Cristina Pratas Cruzeiro “Art with Revolution! Political mobilization in artistic practices between 1974 and 1977 in Portugal”

Additional Reading:

Stimson & Sholette “Collectivism After Modernism” Introduction PP 1-15 (U. Minneapolis 2006)

Raquel Ermida “The Rise of Porto’s Art Collectives and the Birth of Democratic Collaboration over Fifteen Years of Everyday Cultural Practice.” (2021)
GS presentation on collectivism after neoliberalism in the 1980s (2021)

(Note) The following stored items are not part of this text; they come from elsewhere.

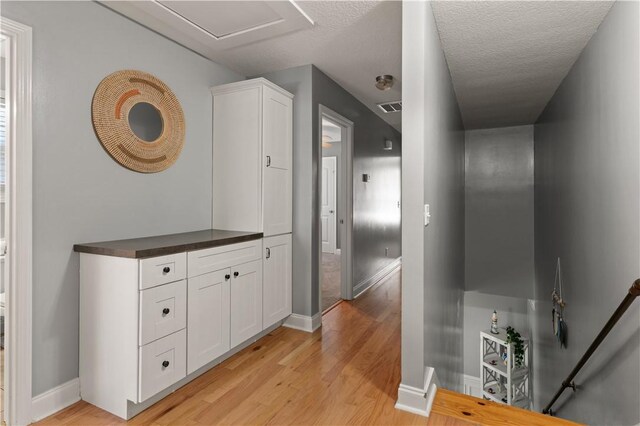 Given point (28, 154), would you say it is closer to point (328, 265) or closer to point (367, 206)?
point (367, 206)

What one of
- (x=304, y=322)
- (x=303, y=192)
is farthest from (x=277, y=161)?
(x=304, y=322)

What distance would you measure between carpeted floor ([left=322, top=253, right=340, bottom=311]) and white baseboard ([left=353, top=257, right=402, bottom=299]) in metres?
0.26

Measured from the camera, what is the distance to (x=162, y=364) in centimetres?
194

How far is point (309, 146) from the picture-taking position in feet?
10.3

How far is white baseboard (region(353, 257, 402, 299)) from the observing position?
427 centimetres

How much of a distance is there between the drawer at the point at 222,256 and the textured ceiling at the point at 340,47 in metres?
1.55

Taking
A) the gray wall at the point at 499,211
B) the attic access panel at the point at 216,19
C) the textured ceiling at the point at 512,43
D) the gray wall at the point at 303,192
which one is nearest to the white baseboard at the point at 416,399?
the gray wall at the point at 303,192

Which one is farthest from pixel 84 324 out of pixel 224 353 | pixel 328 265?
pixel 328 265

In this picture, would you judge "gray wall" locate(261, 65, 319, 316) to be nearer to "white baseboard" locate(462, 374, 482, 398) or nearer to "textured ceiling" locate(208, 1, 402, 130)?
"textured ceiling" locate(208, 1, 402, 130)

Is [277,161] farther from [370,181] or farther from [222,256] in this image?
[370,181]

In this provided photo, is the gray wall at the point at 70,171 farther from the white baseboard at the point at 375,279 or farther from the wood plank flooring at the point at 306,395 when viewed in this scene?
the white baseboard at the point at 375,279

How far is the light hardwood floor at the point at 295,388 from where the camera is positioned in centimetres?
184

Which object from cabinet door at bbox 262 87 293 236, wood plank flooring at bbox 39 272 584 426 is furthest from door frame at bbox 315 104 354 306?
wood plank flooring at bbox 39 272 584 426

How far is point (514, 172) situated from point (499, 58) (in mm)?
2879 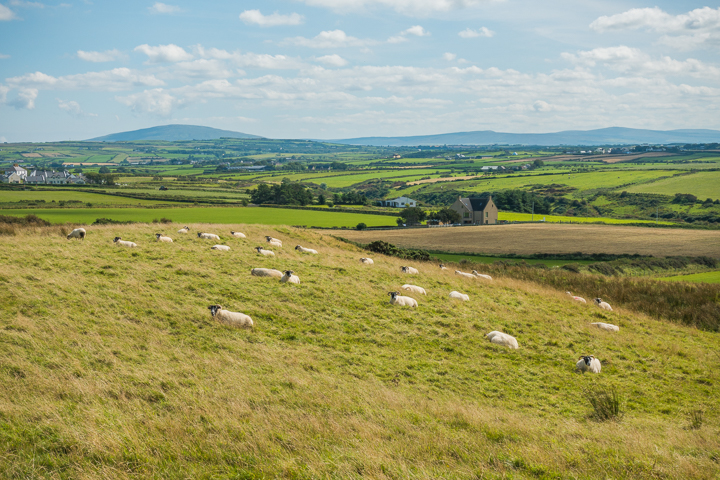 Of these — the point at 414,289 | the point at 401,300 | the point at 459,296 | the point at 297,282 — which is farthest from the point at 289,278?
the point at 459,296

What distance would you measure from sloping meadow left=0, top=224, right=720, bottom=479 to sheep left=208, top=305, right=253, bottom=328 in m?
0.33

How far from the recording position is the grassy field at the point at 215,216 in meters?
62.8

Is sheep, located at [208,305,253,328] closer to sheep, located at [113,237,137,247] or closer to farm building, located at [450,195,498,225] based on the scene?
sheep, located at [113,237,137,247]

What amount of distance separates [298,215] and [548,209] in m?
76.3

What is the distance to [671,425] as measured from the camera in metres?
10.0

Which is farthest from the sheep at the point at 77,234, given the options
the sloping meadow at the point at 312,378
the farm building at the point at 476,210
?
the farm building at the point at 476,210

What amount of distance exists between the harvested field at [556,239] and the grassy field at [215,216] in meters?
13.0

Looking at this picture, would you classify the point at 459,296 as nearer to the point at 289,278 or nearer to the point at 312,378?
the point at 289,278

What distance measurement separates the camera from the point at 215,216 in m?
77.4

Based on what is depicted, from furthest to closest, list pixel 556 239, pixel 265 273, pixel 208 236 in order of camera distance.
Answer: pixel 556 239, pixel 208 236, pixel 265 273

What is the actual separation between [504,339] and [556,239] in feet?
195

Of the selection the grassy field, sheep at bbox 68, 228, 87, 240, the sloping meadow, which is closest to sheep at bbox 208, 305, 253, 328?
the sloping meadow

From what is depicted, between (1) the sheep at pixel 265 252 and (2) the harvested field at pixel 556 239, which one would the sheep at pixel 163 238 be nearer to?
(1) the sheep at pixel 265 252

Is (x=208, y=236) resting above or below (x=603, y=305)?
above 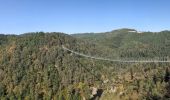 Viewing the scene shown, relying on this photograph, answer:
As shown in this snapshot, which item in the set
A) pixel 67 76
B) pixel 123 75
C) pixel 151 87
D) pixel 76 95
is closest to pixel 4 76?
pixel 67 76

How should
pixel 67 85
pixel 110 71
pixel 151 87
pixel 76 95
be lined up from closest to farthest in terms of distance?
pixel 151 87 < pixel 76 95 < pixel 67 85 < pixel 110 71

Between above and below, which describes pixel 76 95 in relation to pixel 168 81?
below

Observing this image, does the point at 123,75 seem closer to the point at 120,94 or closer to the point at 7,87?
the point at 120,94

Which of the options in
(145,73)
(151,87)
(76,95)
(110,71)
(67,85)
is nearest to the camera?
(151,87)

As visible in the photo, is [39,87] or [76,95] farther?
[39,87]

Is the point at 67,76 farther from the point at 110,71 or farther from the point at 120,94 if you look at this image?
the point at 120,94

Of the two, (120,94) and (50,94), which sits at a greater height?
(120,94)

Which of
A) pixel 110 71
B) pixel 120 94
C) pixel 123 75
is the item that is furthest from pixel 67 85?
pixel 120 94

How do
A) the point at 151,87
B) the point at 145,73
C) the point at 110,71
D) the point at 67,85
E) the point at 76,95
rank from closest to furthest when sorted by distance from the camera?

The Rise of Porto’s Art Collectives and the Birth of Democratic Collaboration and Organizing over Fifteen Years of Everyday Cultural Practice: My investigation documents and analyzes approximately 40 artists’ collectives that emerged in Porto, Portugal between approximately the late 1990’s and 2015, with a particular focus on why this phenomenon gave rise to a new type of dynamic, egalitarian organizing amongst artists that was previously missing within the sphere of the visual arts. This horizontal collectivism led in turn to new models of citizenship and participatory democracy. Nevertheless, there are precedents for some aspects of this phenomenon, especially in relation to Portugal’s relatively recent deposition of forty-eight years of dictatorial rule in 1974. We defend that the principles of collaboration, cooperation and the call for citizens to have a more active participation in society have its origins in the revolutionary process that was preceded by a leftist military coup d’état which overthrew the authoritarian regime. At the time, artists played an important role in the construction and dissemination of the democratic ideas that were lately set forth in the Portuguese Constitution of 1976. The growing neoliberalization of democracy and the emergence of the first Portuguese far-right wing party 50 years after the end of dictatorship bring up the questions of how artists in contemporary Portugal read the constitutional proposal of engaging in a more active citizenship through artistic creation and what can be the political potential of day-to-day group practices in producing inventive and inspiring new modes of living citizenship beyond the sphere of artistic culture.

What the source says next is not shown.